Flush and Cleanup: After all frames have been submitted, the encoder must be flushed using EndEncode() to drain the internal buffers.

This model supports real-time streaming and batch encoding.

Encoder Initialization

Encoder initialization requires configuring both NV_ENC_INITIALIZE_PARAMS and NV_ENC_CONFIG structures, which define codec settings, rate control, GOP structure, and other operational parameters.

code

NvEncoderCuda* encoder = new NvEncoderCuda(cudaCtx, width, height, NV_ENC_BUFFER_FORMAT_NV12);

NV_ENC_INITIALIZE_PARAMS initParams = { NV_ENC_INITIALIZE_PARAMS_VER };
NV_ENC_CONFIG encConfig = { NV_ENC_CONFIG_VER };

initParams.encodeGUID = NV_ENC_CODEC_H264_GUID;
initParams.presetGUID = NV_ENC_PRESET_LOW_LATENCY_DEFAULT_GUID;
initParams.encodeWidth = width;
initParams.encodeHeight = height;
initParams.frameRateNum = 30;
initParams.frameRateDen = 1;
initParams.enablePTD = 1;

encoder->CreateEncoder(&initParams);

The NV_ENC_INITIALIZE_PARAMS must include:

Codec GUID (NV_ENC_CODEC_H264_GUID or H265_GUID)
Preset GUID for latency/quality tradeoffs (NV_ENC_PRESET_LOW_LATENCY_DEFAULT_GUID)
Resolution, frame rate, buffer format
Pointer to an NV_ENC_CONFIG structure for rate control and GOP config

The call to CreateEncoder() internally allocates frame buffers and registers them with NVENC.

Encoding Frames

Once initialized, raw video frames stored in device memory are copied to the encoder’s input surfaces. The encoding function compresses each frame and outputs one or more encoded packets as byte buffers. These packets can be transmitted over networks or saved to disk. Synchronization is necessary when using asynchronous CUDA streams to avoid conflicts during memory reuse.

code

const uint8_t* frame = ...; // Raw NV12 frame in GPU memory
const NvEncInputFrame* inputFrame = encoder->GetNextInputFrame();
NvEncoderCuda::CopyToDeviceFrame(cudaCtx, frame, 0, (CUdeviceptr)inputFrame->inputPtr, inputFrame->pitch, width, height, CU_MEMORYTYPE_DEVICE);

std::vector<std::vector<uint8_t>> vPacket;
encoder->EncodeFrame(vPacket);

for (const auto& packet : vPacket) {
    // send packet over network or write to file
}

The CopyToDeviceFrame() function copies raw NV12/YUV data to the registered input surface.
EncodeFrame() encodes a single frame and returns one or more encoded packets.
The output is a vector of std::vector<uint8_t> buffers that hold the H.264/HEVC bitstream.
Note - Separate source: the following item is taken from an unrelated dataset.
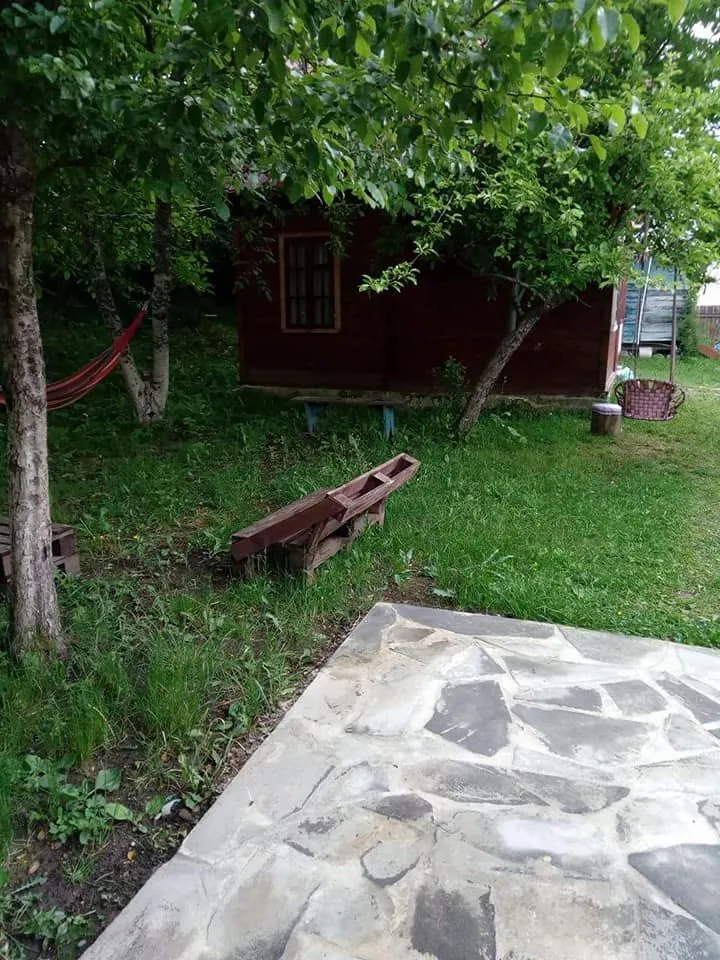 ფერადი კოტეჯები — ფოტო 8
If using asynchronous CUDA streams, ensure proper synchronization before reuse of memory.

NVDEC Workflow Overview

NVDEC handles the reverse: decoding compressed H.264/H.265 bitstreams into raw YUV frames. This is essential for real-time playback, editing, or AI inference pipelines.

The decoding sequence involves:

Parser Setup: CUvideoparser is created using a set of parameters that specify codec type, resolution, decode surfaces, and callback functions.
Feeding Compressed Data: The application pushes H.264 or H.265 packets to the parser using cuvidParseVideoData().
Handling Decoded Frames: Upon decoding, frames are made available in GPU memory via a decode callback. These can be used for inference, rendering, or re-encoding.
Frame Memory Management: Decoded frames are returned as CUdeviceptr. For integration with CUDA or OpenGL, they must be mapped or copied depending on use.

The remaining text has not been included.